What if there was a softlink to the root directory in that folder? Would that have made this the equivalent of rm -r /*
After running upstairs to the server room the terminal says something about being out of memory. Somehow the command froze the machine up.
After initiating the nail-bitingly-long reboot process (still wondering if I hadn't wiped out the system) everything seemed to work normally at first. Then I realized anytime someone tried to run various programs, the program would just hang. Not good. I had little energy left for freaking out though, I was more annoyed and determined to fix it at this point. The worse they can do is fire me. Then maybe I'll move out of state and work my way into the video game industry (something I probably should have done a long time ago).
I tried to kill various hanging processes. I couldn't remember if -9 was the signal and found a neat page lamenting that so many n00bs thought "kill -9 pid" is a good idea. It suggested:
Code:
kill pid (sends a TERM, wait 5 seconds)
kill pid (yes, try again, wait 5 seconds)

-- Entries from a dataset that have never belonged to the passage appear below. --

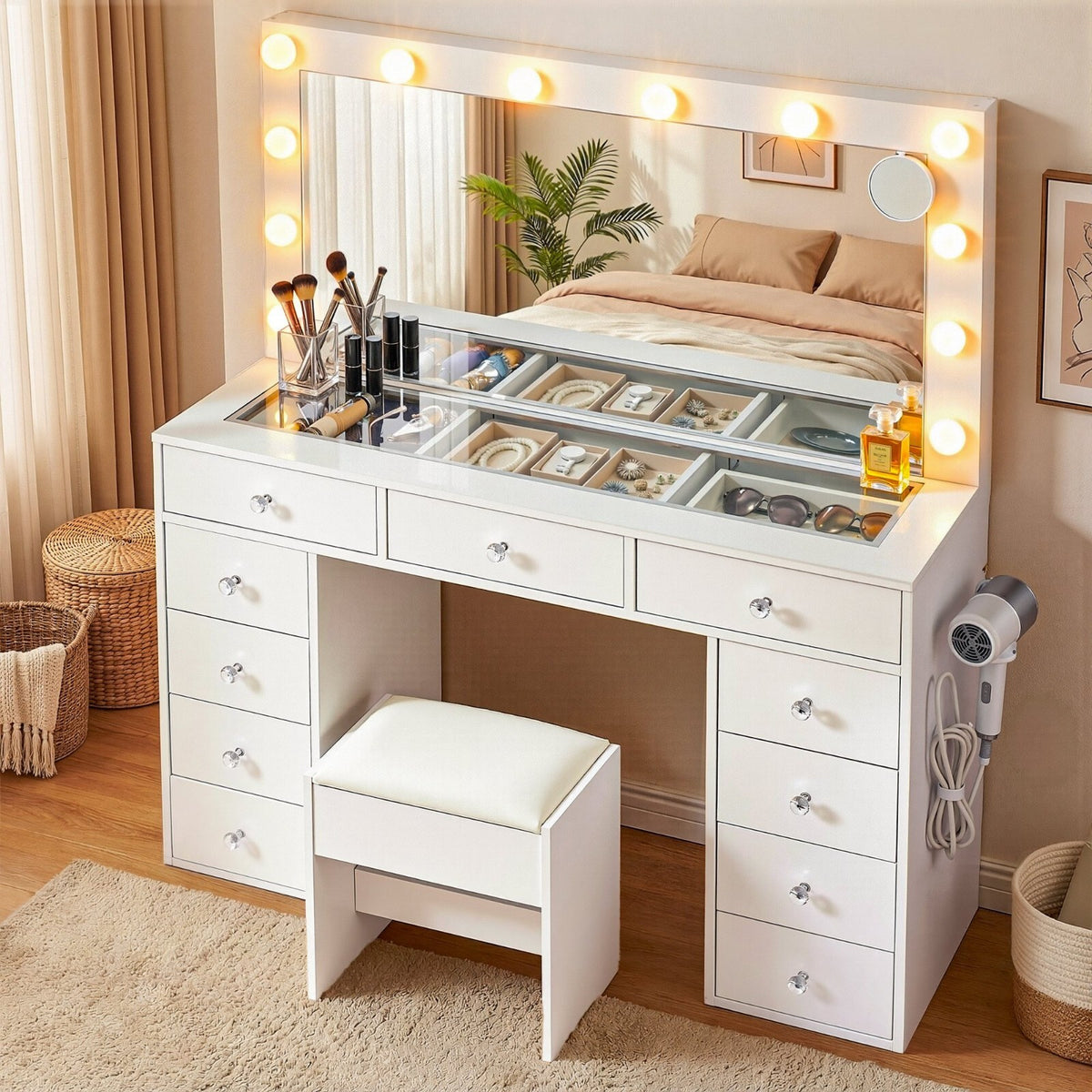 Hollywood Dressing Table Vanity Desk LED Mirror and Stool 11 Drawers White - Brand New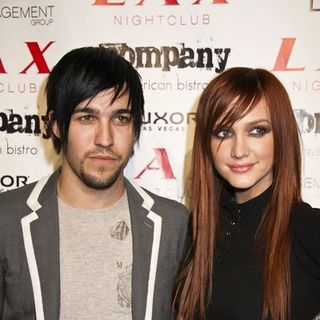 Ashlee Simpson, Pete Wentz in Ashlee Simpson in Concert at LAX Nightclub - February 23, 2008 - Arrivals
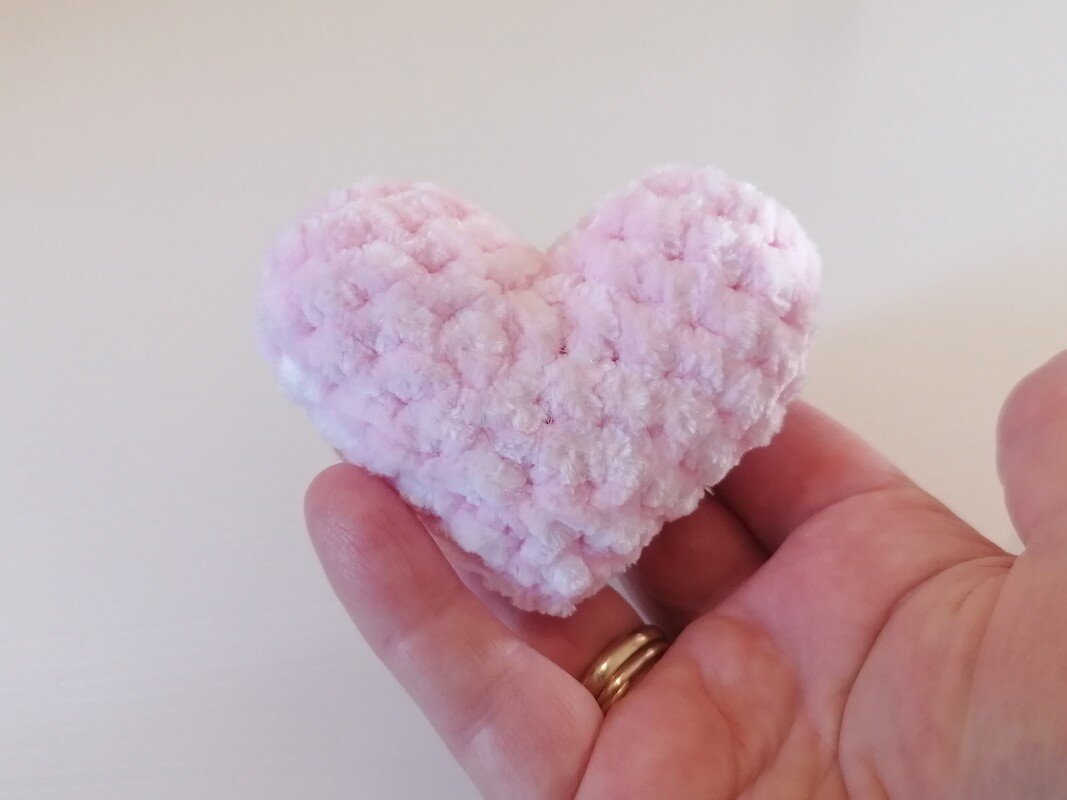 Crochet Pattern No Sew Plush Heart Amigurumi - Image 5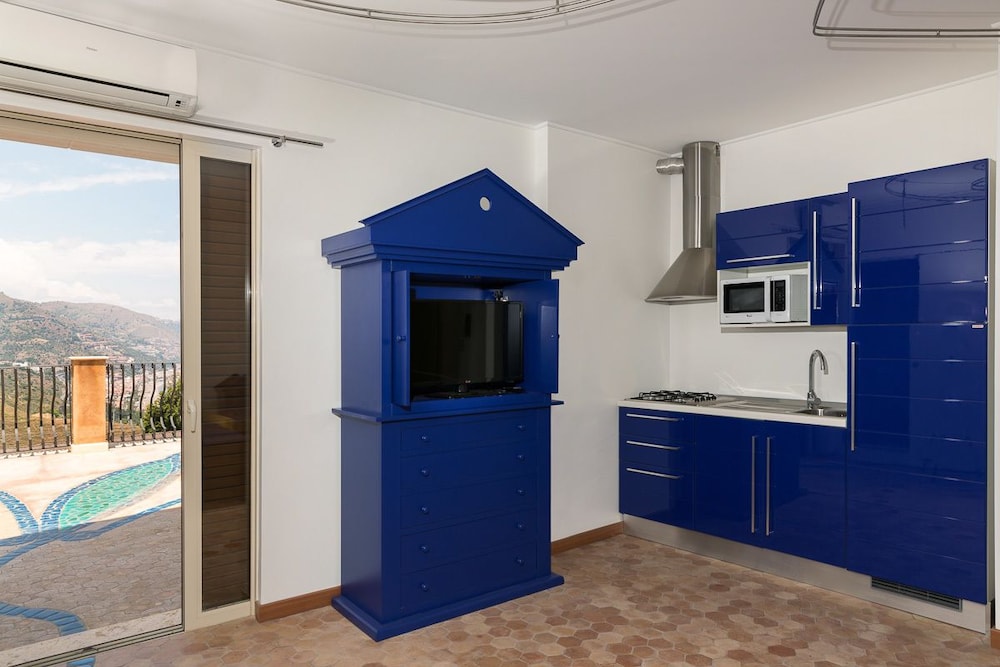 Medea Residence 3/38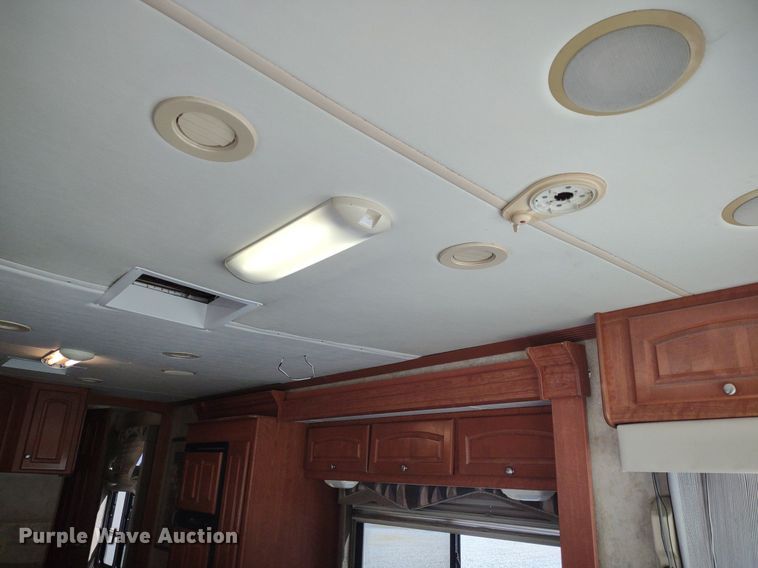 image for item DQ1703 2006 Freightliner Astoria  RV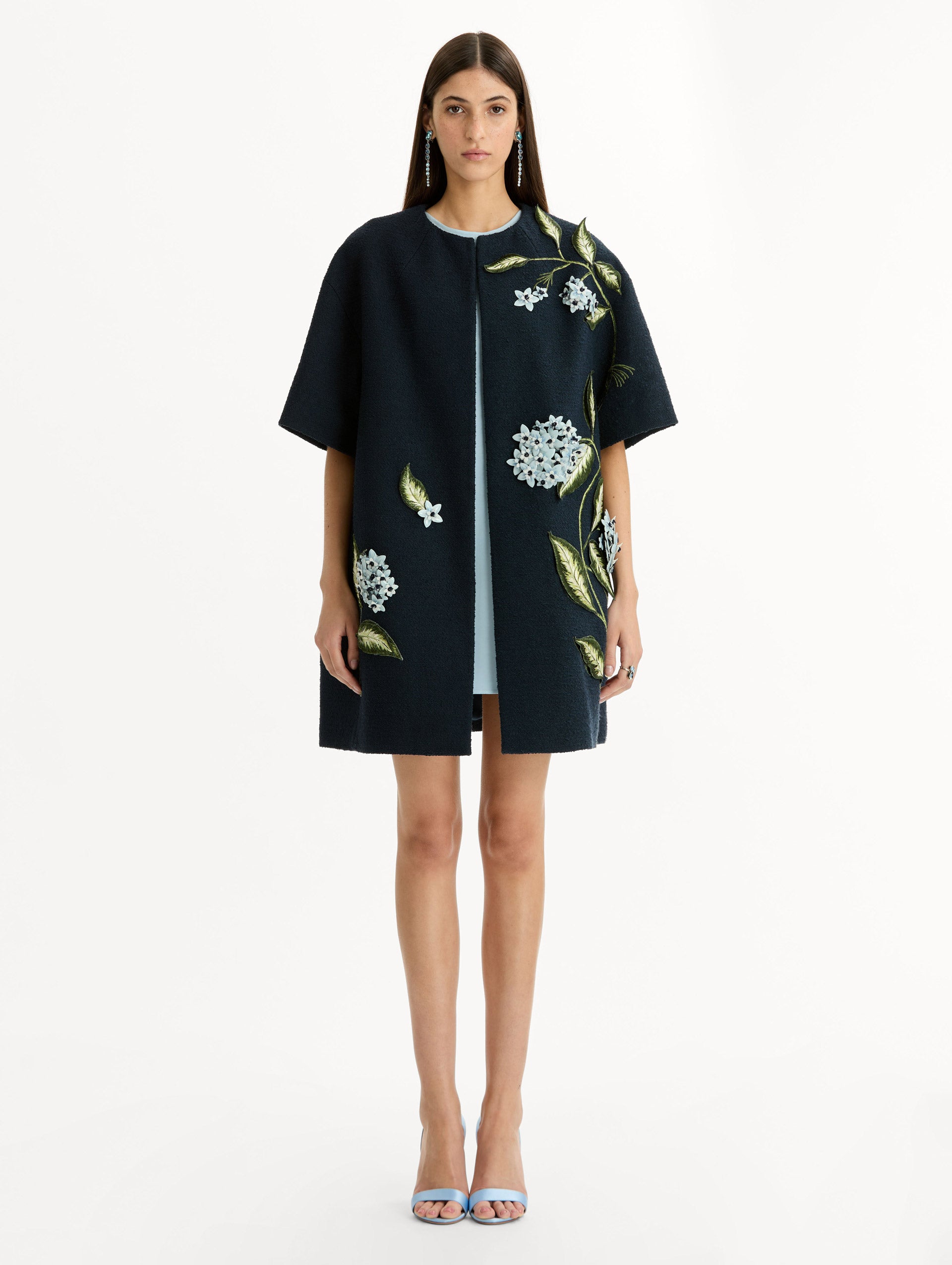 Porcelain Flower Embroidered Coat
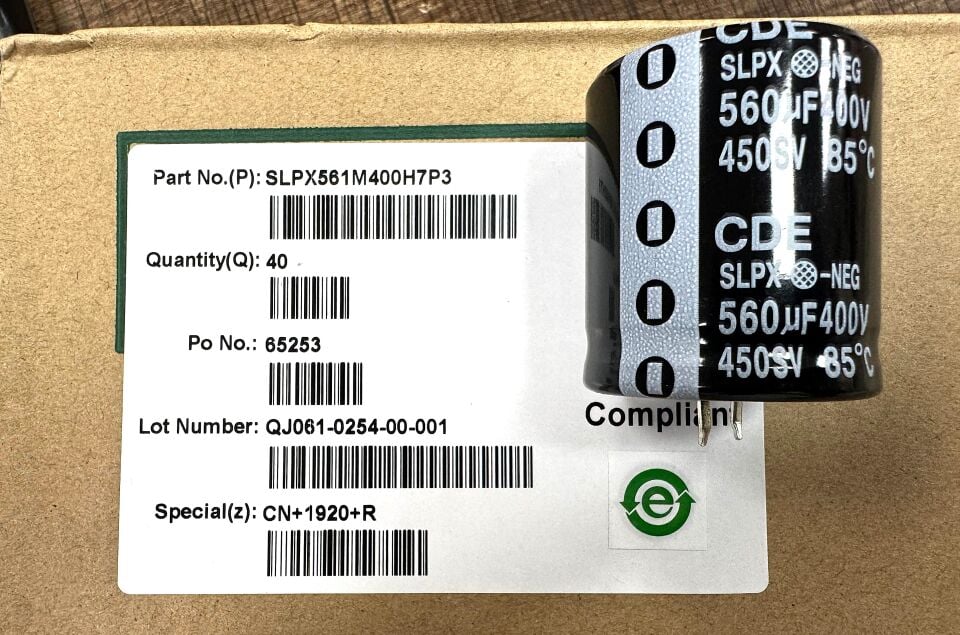 560UF 400V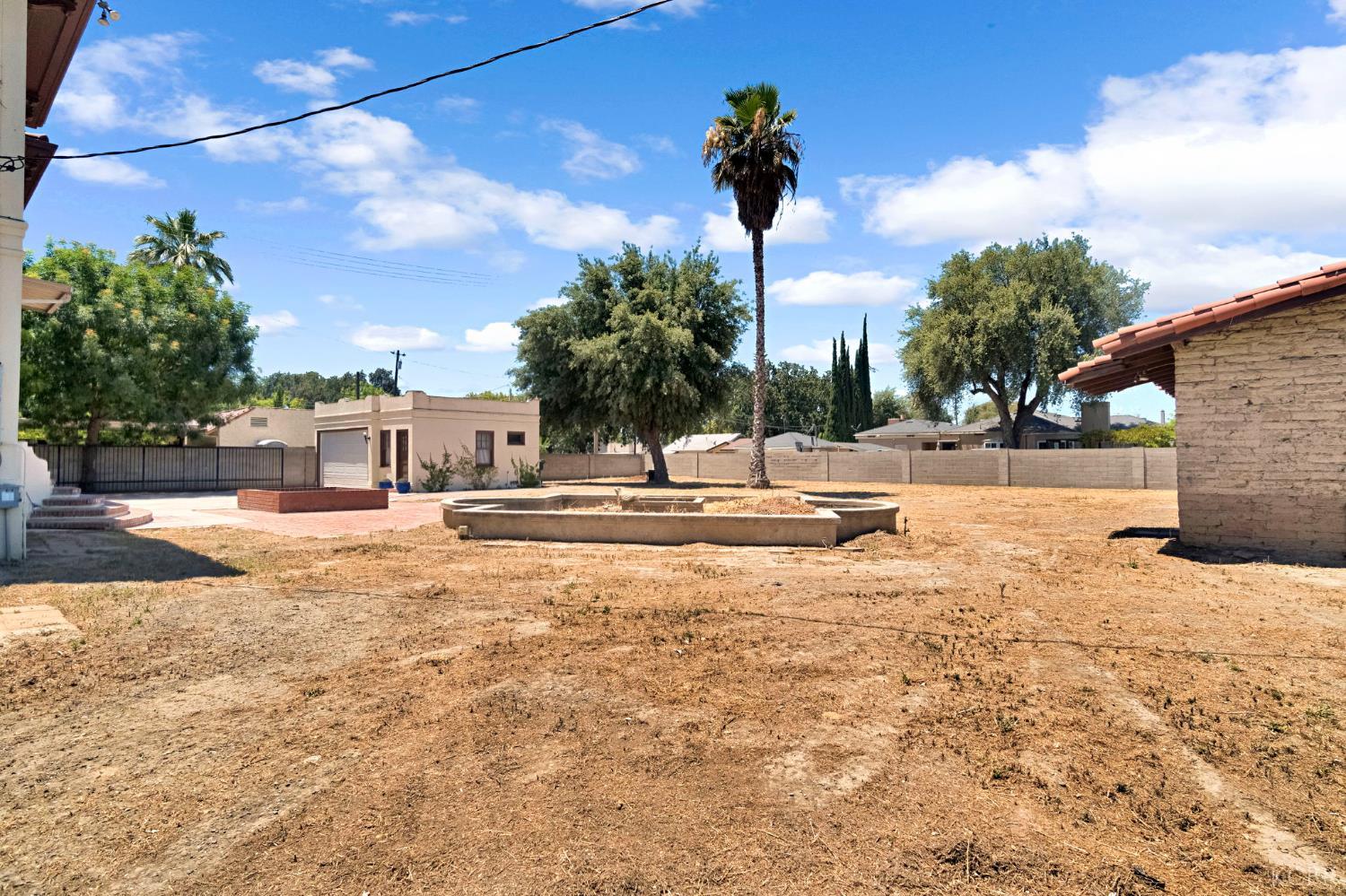1630 N Irwin St, Hanford, CA 93230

kill -INT pid (wait for it)
kill -INT pid (damn, still not dead?)
kill -KILL pid (same thing as -9)
kill -KILL pid (something is wrong)
Well, something was indeed wrong. Kill -9 pid wouldn't even work. A Google search turned up, what else, a LQ thread where I got the idea that an unkillable process indicates a wait for IO. Maybe a drive was bad. That made sense after a freeze and surprise shutdown. After a bit of exploration I found that any attempt to access the /tmp partition caused hanging. I went from annoyance to complete relief.
After a year of experience (thanks for all the help LQ
) that seemed like a really easy problem to fix. I ended up editing fstab with pico (vi tried to use /tmp and hung) so that /tmp would not be mounted on reboot. After reboot, root remade /tmp for me as I expected. The old pine program complained rather specifically that permissions needed to be 1777 on /tmp. I complied (verifying the truth of this on another server) and now everything seems to be working perfectly. Fortunately the /root partition has 20 GB of unused space and was only used to 1% capacity the last 4 years so /tmp should be able to exist on it happily. The old /tmp only had about 4GB of stuff on it.
I don't guess there is anything too important in those 4GB of stuff. Probably just years of temporary files not being properly deleted. I suppose I could try to remount that partition as something else and investigate further, but I'm migrating to a new Debian server soon so I may just leave well enough alone
Well, that was cathartic. Now I'm going to go beat my head against a wall for being so stupid
or maybe have some lunch. I have enough problems without causing my own! Then again, I learned several valuable things, though I still don't know why the: rm -r ./e command failed. I'm going to be scared to ever use rm -r again (especially as root).